Sunday, 2 September 2012

STORM FRONT II



In many ways, I suppose that I should be grateful that recently I’ve been rather “lucky” when it comes to catching those elusive storm fronts as they pass overhead. Firstly I managed to get the one passing over Moelfre in July which I “shared” yesterday, and then I was able to take a snapshot of this one passing over Harwich on August 25th.

Despite the relative infrequency of actually witnessing this slightly bizarre yet most fascinating of natural phenomena, within a month of catching the first, I got another chance and managed to see a second.

I suppose it must have been something to do with being nearer the coast and watching the clouds as they attempt to make the leap from being over water to being over land and all that it entails for them.

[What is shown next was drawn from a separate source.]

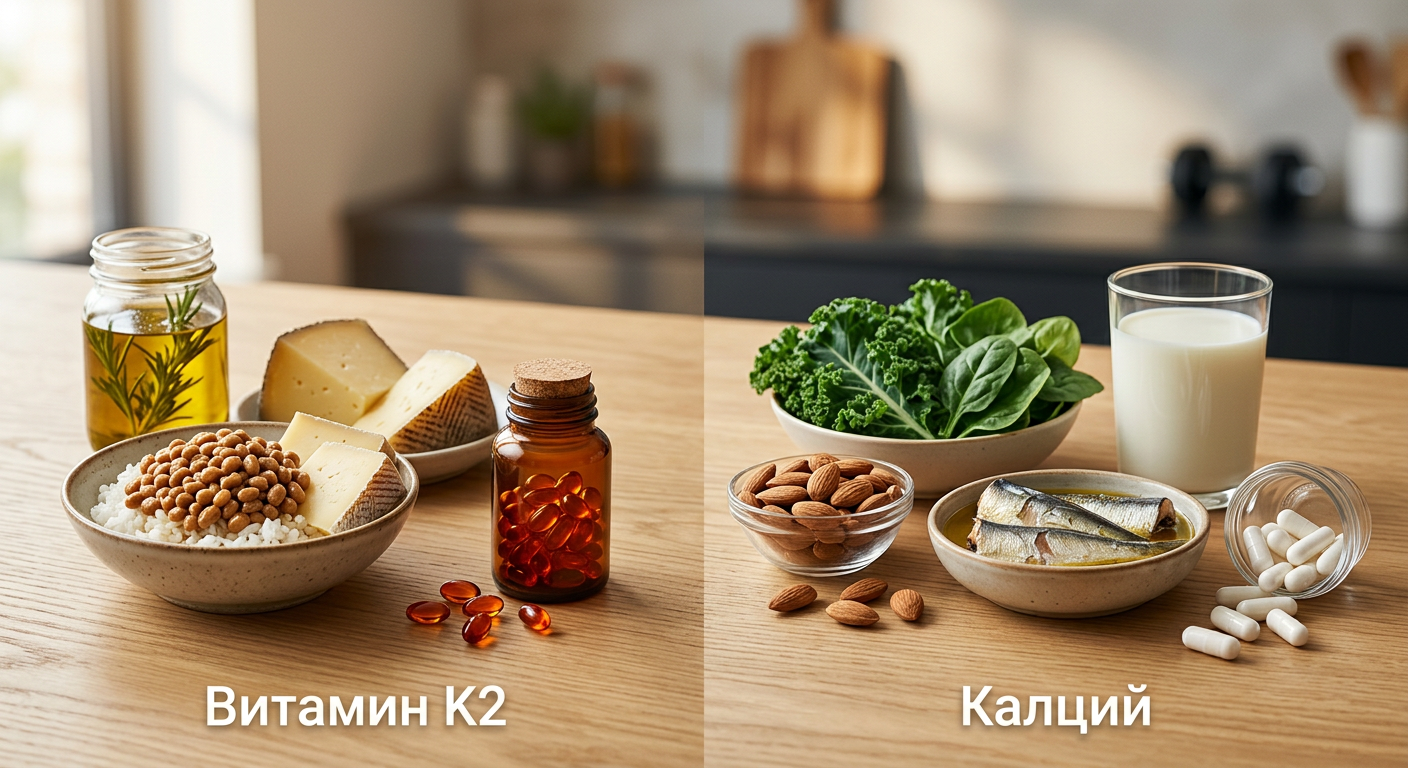 Витамин K2 срещу Калций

I also imagine that those of you who spend a lot of time in the vicinity of the shoreline are wondering what the heck I’m going on about and why I’m finding it all so surprising.

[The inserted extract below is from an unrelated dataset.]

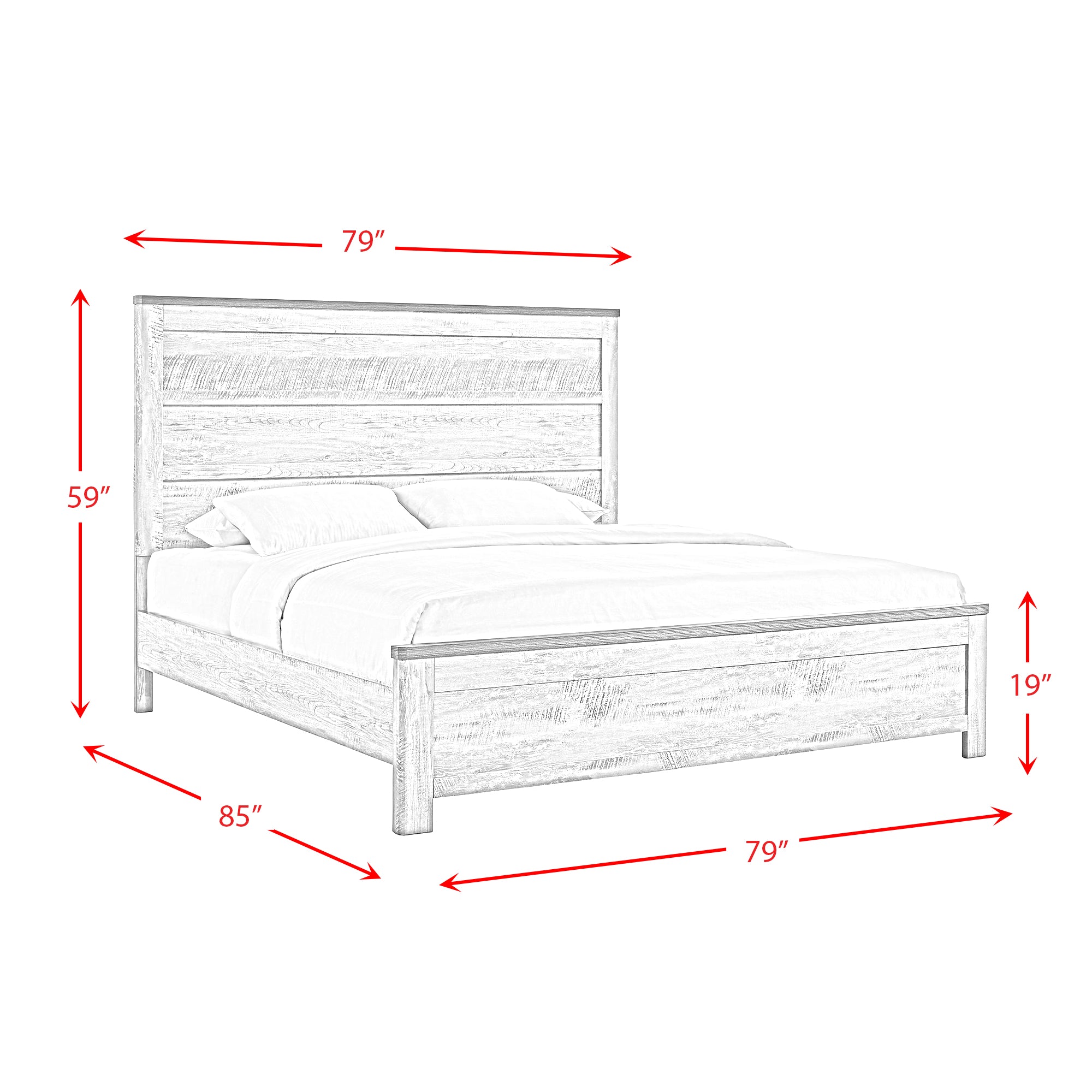 Millers Cove King Panel Bed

Well, you might find such things commonplace, but in the land-locked and hilly county in which I live, such things are far more occasional occurrences. Usually I wake up to slate grey skies stretching from horizon to horizon and even on those ever-so-rare bright and sunny, blue skied days, the drifting and combining of clouds can be a much more subtle and gentle affair which creeps up on you slowly, perhaps gently easing its drizzle down upon you before letting rip and dropping its full load of rain on top of you like a circus clown who’s just managed to gain your trust…

Clowns, eh…?

Never to be trusted.

It’s one of the advantages of a soggy old summer, I suppose, that wherever you may end up going for your “mini-breaks” will find you out and about with a camera in your hand during the longer hours of daylight and, as yet another storm heads towards you, you do at least get to see it in all its majesty.

“Every cloud has a silver lining” and all that…

Anyway, I’m sure that you’ll be chuffed to little mintballs to learn that we made it back to the car without being pummelled by raindrops the size of small kittens or hailstones as hard as glass and the first drops of rain splashed onto the windscreen as he were heading back along the byways between the cornfields as we actually passed through the curtain of water that was the storm front itself which was all very dramatic but did mean that dining alfresco was off the agenda for the rest of that day.